Work order: Return the tail of the records exactly, starting from the line containing "Ford Fiesta 1.6LL" and ending with the final line.

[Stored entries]
----

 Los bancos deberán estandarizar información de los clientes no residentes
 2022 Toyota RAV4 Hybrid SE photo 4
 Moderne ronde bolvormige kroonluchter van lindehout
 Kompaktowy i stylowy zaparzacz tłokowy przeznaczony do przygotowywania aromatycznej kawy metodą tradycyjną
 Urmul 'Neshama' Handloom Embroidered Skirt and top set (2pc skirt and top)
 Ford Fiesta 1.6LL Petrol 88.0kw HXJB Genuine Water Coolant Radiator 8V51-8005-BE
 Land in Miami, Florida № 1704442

----

Your solution:
 Ford Fiesta 1.6LL Petrol 88.0kw HXJB Genuine Water Coolant Radiator 8V51-8005-BE
 Land in Miami, Florida № 1704442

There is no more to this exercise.